If you want to get that scale across your organisation, the vision is great, but I think you need these other two things, the allies so you've got all people asking for the same thing and then getting that senior buy-in. As I said, they're the people that are going to write the checks for the infrastructure that you need. It's great to have a plan. My experience is that you also need a lot of persistence if you want to get to that impact. The bad news is that you may well, like me, need more persistence than you would hope that it would have required. Either way, it's going to need some persistence.

In summary, I would say we're all someones. If we identify a problem, we can all plausibly, I think, have much more impact than we realise if we really pull together a plan and put some back and persistence in behind it. Thank you.

If we identify a problem, we can all plausibly, I think, have much more impact than we realise if we really pull together a plan and put some back and persistence in behind it.

Q&A

Thank you, Mark. We have time for a few questions. The first question is from Scott. What are one or two surprising or unexpected insights you had in managing a departmental change to use Posit products, asking from an organisation going through a similar process?

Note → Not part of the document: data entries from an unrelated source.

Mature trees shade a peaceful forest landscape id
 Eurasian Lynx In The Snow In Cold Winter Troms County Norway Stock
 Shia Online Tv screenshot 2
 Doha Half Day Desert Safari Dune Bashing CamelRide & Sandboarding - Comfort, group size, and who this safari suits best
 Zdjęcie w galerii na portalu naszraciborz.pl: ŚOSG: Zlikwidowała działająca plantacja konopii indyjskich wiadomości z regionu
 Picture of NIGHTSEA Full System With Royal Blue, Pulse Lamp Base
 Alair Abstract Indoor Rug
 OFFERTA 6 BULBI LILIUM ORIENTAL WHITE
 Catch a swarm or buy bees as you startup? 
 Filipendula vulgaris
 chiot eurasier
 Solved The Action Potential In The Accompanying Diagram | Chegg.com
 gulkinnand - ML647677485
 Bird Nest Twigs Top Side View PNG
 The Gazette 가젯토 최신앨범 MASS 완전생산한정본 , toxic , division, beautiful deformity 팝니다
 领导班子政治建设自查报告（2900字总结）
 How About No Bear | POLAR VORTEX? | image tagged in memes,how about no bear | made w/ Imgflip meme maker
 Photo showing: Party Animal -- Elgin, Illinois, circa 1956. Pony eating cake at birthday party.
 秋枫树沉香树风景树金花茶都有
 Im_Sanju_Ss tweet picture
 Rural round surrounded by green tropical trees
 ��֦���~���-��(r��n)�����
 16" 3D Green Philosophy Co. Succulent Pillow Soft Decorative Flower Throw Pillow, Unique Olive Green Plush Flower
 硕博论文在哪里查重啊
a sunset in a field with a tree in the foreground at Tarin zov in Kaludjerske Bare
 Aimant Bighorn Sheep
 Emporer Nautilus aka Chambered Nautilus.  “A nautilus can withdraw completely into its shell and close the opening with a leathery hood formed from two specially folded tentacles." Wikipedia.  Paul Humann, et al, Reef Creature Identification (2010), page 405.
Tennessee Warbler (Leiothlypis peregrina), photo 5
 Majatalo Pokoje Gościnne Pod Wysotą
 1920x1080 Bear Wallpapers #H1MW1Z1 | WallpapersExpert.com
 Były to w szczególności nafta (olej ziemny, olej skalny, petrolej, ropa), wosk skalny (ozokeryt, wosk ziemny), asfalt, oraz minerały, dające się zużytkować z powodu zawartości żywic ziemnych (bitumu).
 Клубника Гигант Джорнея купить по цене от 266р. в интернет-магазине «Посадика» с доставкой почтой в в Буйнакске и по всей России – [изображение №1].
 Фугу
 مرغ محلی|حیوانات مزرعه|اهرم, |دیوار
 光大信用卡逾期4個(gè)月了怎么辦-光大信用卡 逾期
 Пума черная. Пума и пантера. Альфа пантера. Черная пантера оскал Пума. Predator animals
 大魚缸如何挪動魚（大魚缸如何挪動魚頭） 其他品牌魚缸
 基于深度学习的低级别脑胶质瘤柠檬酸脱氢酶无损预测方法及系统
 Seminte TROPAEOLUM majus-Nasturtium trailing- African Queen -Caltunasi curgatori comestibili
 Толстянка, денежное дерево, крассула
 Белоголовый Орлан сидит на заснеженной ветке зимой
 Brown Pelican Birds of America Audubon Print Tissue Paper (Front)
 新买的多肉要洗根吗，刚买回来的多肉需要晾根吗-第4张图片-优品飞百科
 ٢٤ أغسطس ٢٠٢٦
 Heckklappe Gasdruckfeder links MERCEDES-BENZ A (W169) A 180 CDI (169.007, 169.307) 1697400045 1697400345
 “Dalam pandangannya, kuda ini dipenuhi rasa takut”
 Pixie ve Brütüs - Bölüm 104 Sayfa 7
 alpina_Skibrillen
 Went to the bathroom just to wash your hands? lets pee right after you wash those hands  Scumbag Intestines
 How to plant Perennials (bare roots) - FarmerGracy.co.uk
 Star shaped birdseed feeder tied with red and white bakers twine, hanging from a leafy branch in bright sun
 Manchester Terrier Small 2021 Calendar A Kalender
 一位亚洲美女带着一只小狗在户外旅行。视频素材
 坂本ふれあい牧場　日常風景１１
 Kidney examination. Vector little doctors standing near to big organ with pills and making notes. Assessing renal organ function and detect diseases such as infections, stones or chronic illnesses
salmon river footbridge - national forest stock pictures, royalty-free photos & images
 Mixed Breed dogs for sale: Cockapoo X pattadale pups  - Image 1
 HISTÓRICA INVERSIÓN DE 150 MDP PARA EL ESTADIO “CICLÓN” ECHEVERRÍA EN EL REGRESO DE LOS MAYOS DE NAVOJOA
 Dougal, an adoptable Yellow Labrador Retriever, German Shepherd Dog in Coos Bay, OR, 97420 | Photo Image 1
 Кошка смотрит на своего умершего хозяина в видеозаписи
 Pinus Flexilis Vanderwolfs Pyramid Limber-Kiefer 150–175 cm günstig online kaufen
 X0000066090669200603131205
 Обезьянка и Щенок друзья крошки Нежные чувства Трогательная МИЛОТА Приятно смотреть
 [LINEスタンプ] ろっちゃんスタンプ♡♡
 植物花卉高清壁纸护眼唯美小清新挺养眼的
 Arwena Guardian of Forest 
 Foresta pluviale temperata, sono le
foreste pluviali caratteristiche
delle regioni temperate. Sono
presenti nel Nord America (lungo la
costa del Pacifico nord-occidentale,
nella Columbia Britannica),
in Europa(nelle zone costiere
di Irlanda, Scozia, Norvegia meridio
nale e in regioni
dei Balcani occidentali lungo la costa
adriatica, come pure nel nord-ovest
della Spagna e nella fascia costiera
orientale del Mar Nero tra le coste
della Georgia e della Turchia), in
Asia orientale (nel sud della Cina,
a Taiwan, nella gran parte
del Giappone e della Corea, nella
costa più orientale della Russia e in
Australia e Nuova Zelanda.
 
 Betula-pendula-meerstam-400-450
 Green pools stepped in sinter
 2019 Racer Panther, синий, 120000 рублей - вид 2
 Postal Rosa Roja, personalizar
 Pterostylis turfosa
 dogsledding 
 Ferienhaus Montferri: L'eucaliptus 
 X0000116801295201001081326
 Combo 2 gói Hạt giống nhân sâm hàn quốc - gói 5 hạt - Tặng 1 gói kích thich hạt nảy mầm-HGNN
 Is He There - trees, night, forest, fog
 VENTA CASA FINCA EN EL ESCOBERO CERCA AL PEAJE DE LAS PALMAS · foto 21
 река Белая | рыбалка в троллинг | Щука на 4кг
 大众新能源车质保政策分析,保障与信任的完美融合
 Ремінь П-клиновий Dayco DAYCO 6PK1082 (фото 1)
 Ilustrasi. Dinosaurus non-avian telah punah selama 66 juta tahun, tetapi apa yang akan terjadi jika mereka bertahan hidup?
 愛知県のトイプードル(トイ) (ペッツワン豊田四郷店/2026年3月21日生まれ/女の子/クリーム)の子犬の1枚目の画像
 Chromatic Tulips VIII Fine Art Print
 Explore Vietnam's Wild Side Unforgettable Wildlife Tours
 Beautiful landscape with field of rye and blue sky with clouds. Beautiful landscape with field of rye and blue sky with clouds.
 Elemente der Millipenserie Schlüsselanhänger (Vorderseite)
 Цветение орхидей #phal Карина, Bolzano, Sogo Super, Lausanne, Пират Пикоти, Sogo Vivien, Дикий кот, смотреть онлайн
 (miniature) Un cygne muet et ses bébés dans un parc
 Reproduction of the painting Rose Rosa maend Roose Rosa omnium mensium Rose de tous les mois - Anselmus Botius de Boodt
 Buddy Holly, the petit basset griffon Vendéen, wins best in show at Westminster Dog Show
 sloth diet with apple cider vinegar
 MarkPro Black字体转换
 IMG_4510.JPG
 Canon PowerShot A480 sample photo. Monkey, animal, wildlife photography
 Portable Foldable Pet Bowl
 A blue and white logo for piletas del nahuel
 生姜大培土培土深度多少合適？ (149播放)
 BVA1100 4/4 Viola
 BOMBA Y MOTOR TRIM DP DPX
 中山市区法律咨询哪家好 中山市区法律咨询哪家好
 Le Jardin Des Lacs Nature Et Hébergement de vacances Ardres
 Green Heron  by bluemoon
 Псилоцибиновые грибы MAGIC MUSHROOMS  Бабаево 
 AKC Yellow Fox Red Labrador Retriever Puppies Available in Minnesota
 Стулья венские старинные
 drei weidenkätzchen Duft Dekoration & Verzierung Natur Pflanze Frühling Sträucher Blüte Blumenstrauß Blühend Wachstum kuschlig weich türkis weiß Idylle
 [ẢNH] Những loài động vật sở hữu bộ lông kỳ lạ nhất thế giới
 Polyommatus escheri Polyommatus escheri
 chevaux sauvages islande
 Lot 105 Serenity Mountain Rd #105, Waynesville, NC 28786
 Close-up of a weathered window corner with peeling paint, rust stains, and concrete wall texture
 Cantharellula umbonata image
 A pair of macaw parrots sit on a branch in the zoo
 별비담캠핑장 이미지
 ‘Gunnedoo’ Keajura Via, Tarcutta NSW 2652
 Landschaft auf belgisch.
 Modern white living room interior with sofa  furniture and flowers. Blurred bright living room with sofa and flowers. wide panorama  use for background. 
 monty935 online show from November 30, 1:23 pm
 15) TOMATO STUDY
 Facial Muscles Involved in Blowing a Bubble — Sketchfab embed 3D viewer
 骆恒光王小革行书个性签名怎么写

Actually, some of the more surprising things were just recently when we looked to test some options. Could we more tightly integrate Snowflake and Posit Workbench, for example, to reduce that credential overhead of one cloud thing talking to another cloud thing? We've had some success to that, and I think that's part of our where we'll go in the future. You've got to be quite clear on what your requirements are. For example, Connect in Snowflake at the moment doesn't allow for public-facing products, dashboards, etc. That's a key piece of what we do. Just be clear on your requirements and you'll find the right tool and you'll find the right combination of tools.

Another question from Jorge. What advantages are there in using Posit Workbench for cloud computing versus using Snowflake or Databricks? If it's just aggregation, filtering, etc., you can push a lot of that compute back to Snowflake, but when you want to do simulation based stuff, there's some things that you can't push back to Snowflake because it's not designed to do that. Where possible, absolutely push it back to Snowflake. I think that's the most efficient and cost-effective way for the data compute, but for the simulation or more complex stuff, you're still going to need a chunky thing on the other end. It depends on what your needs are.